Applying Meta-Harness to self-optimize my Copilot setup

I run a heavily customized GitHub Copilot setup — 20+ instruction files, 30+ skills, 15+ specialized agents. It’s powerful, but changes to this configuration were vibes-based. “This instruction seems helpful” isn’t evidence. Sessions still failed for reasons nobody traced back to the root cause.

Then I read Meta-Harness (Lee et al. 2026) from Stanford. Their key insight: give the optimizer access to full execution traces (10M tokens per iteration step) so it can trace failures to the exact harness code that caused them. They used this to automatically discover better agent scaffolding on ToolBench, achieving 76.4% pass rate with Claude Opus 4.6.

I don’t need to optimize benchmark scores. But the same principle applies perfectly to my daily workflow — if I can see the full conversation trace of a failed session, I can diagnose exactly which instruction was missing, wrong, or poorly routed.

What I built

A scoring + diagnosis loop that runs automatically:

Daily (zero LLM cost): A Python worker reads my Copilot session transcripts and scores each one — did the task complete? How many wasted turns? Did the right skill fire? Were relevant instructions followed? Pure regex and heuristic signals, stored as JSON scorecards in SQLite.

Weekly (LLM-powered): The diagnosis engine pulls low-scoring sessions, feeds the full conversation trace plus the loaded instruction files to Azure OpenAI, and asks: “What specifically caused this to go sideways?” The output is a typed proposal — add instruction X, modify skill Y, reroute agent Z — with the exact turn where the failure manifested.

The closed loop

USE → MEASURE → DIAGNOSE → PROPOSE → APPLY → USE...

Proposals feed into my existing flywheel (a self-improvement loop that applies changes as git commits). Next scoring cycle measures whether the fix actually improved outcomes. If scores regress, the change gets reverted.

Why evidence-backed matters

The constraint that changed everything: you can’t propose a change without pointing at a specific failed session and explaining why your fix would have changed the outcome. That single rule eliminated most of the speculative churn my flywheel was generating before.

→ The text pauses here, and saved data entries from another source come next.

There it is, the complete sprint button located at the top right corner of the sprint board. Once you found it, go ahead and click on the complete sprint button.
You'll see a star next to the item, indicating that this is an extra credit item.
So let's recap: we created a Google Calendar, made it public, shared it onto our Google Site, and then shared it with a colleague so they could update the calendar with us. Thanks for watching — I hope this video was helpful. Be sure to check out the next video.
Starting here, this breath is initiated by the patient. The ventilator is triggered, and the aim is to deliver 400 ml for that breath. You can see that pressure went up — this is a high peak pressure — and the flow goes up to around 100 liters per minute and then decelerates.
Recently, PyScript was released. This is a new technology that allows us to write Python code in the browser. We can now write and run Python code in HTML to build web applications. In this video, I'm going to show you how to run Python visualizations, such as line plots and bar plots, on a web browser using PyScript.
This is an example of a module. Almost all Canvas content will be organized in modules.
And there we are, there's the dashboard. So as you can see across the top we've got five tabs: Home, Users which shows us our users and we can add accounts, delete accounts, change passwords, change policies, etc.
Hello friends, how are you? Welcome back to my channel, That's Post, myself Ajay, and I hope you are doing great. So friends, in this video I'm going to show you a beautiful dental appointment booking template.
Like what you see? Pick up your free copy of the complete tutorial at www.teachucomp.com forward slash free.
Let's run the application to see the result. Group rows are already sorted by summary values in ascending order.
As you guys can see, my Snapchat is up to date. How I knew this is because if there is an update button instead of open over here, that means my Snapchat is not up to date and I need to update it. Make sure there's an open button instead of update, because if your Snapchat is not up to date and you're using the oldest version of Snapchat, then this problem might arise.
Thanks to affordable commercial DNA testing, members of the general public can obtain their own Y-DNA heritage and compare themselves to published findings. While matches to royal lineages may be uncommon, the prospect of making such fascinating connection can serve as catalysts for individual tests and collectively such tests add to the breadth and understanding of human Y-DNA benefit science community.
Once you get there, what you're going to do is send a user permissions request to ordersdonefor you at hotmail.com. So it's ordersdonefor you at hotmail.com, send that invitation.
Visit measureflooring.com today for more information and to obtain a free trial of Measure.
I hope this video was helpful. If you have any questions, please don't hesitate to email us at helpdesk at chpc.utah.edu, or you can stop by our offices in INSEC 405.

“This instruction looks useful” → rejected. “Session abc-123 failed at turn 4 because the TypeScript instruction was too restrictive on any types, causing 3 self-correction loops” → accepted.

Current status

Scoring works — 41 scorecards generated so far. The diagnosis pipeline is being implemented now. Once it’s running, the full closed loop will be autonomous: use the system normally, let it measure itself, let it fix itself.

The Meta-Harness paper optimizes benchmark agents. I’m using the same principle to optimize the agent I actually use 8 hours a day.